Data block:
* * *

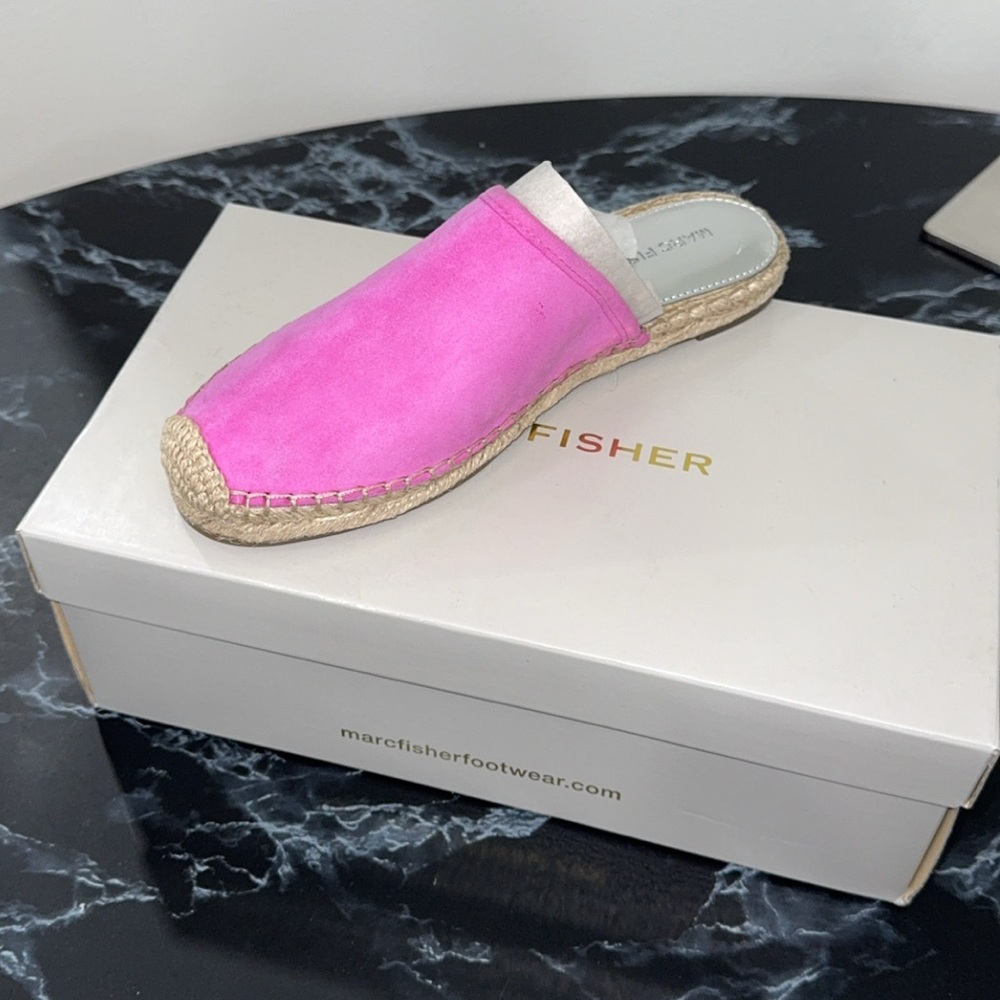 Marc Fisher Suede Espadrille Mules Gift Medium Pink Size 6 NEW - Picture 6 of 6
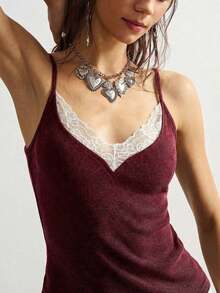 Camiseta de punto de unicolor informal para mujer - Burdeos - Ver 6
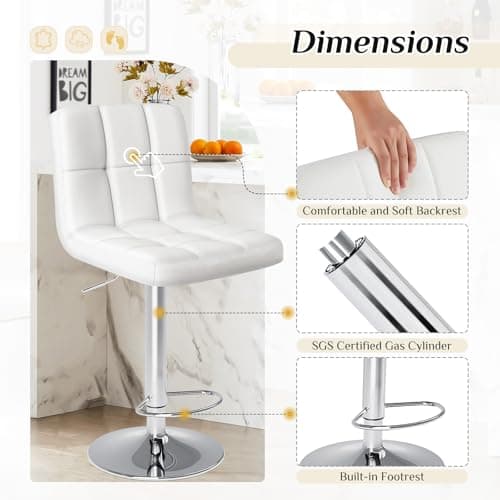 DUMOS Bar Stools Set of 2, Armless Adjustable Swivel Barstools, PU Leather Hydraulic Kitchen Counter Height Bar Stools, Thickened Seat Cushion Square Island Barstools with Back, White 5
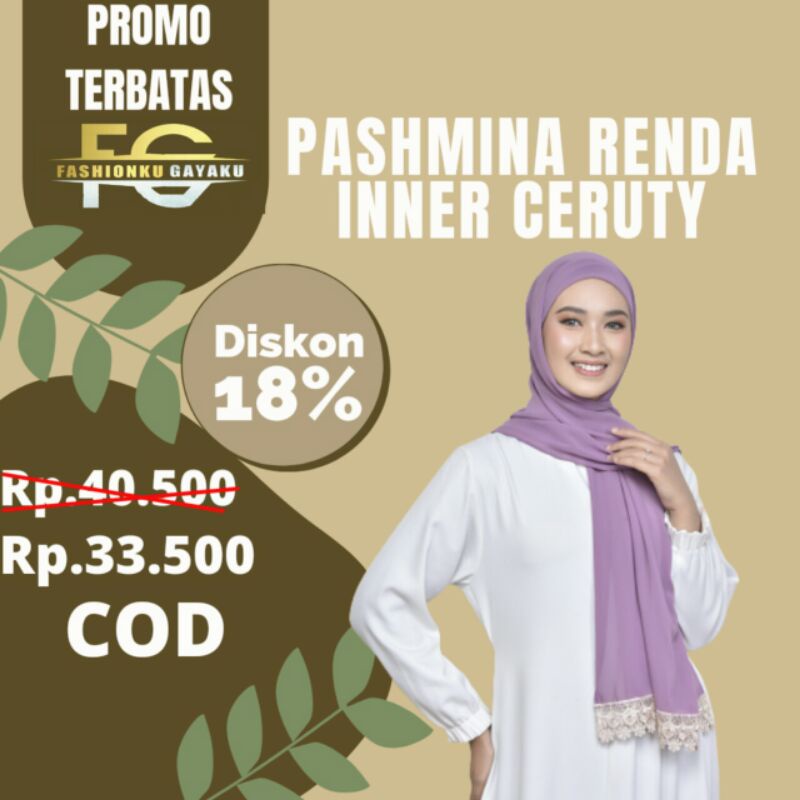 Hijab Pashmina Ceruty Babydoll Premium Renda Inner Jilbab Pasmina Ceruti Murah Terbaru 2021 PRC002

* * *

About this task: Write the material out again exactly. Do not include the pictures.

Task output:
 Marc Fisher Suede Espadrille Mules Gift Medium Pink Size 6 NEW - Picture 6 of 6
 Camiseta de punto de unicolor informal para mujer - Burdeos - Ver 6
 DUMOS Bar Stools Set of 2, Armless Adjustable Swivel Barstools, PU Leather Hydraulic Kitchen Counter Height Bar Stools, Thickened Seat Cushion Square Island Barstools with Back, White 5
 Hijab Pashmina Ceruty Babydoll Premium Renda Inner Jilbab Pasmina Ceruti Murah Terbaru 2021 PRC002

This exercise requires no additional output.